*EXERCISE*
Below is a listing with pictures in it; transcribe exactly the lines from the one that has "Стоп левый задний" through the one that has "New Balance wmns 550", and omit those pictures.

*MATERIAL FOR THE TASK*
....

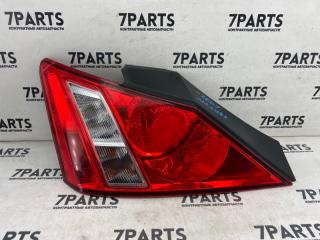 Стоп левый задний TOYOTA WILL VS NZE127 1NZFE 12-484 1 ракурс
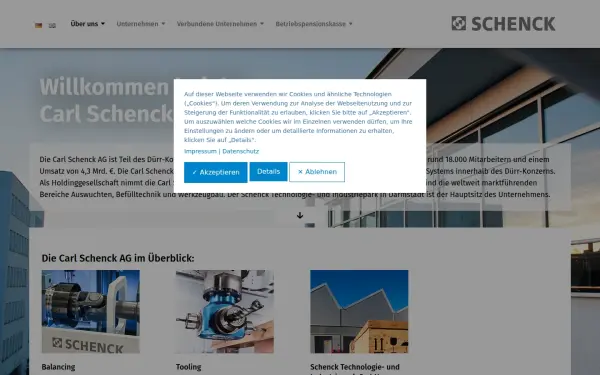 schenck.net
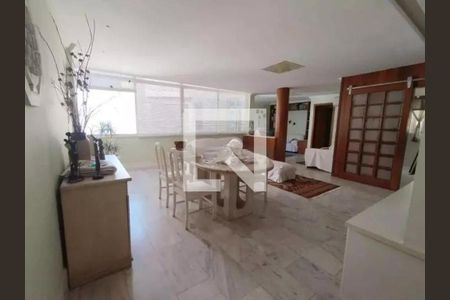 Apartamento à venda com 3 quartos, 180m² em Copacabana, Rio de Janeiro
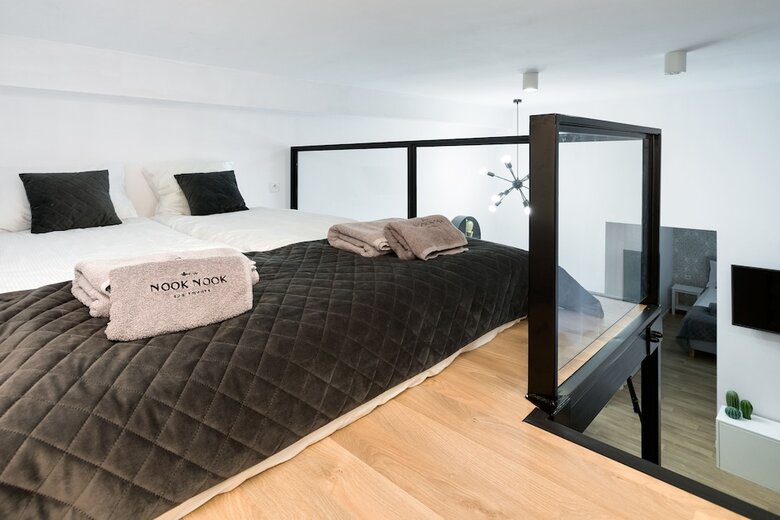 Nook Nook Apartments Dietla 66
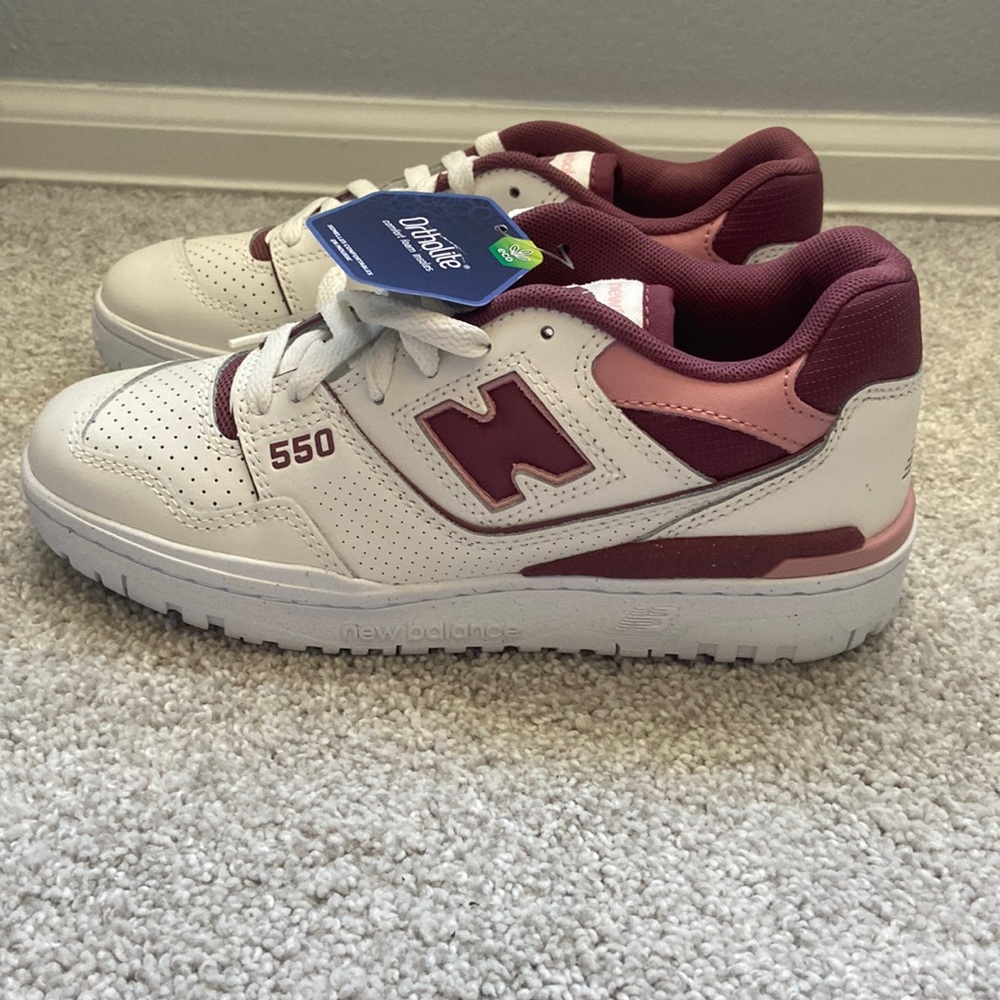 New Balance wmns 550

....

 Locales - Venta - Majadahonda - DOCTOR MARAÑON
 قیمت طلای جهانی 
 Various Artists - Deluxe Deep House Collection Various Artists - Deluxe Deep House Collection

....

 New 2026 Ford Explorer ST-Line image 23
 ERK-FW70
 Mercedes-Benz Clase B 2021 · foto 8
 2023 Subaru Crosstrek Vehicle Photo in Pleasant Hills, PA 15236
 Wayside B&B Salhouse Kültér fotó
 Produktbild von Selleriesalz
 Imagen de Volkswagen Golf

....

*SOLUTION FOR THIS PROBLEM*
 Стоп левый задний TOYOTA WILL VS NZE127 1NZFE 12-484 1 ракурс
 schenck.net
 Apartamento à venda com 3 quartos, 180m² em Copacabana, Rio de Janeiro
 Nook Nook Apartments Dietla 66
 New Balance wmns 550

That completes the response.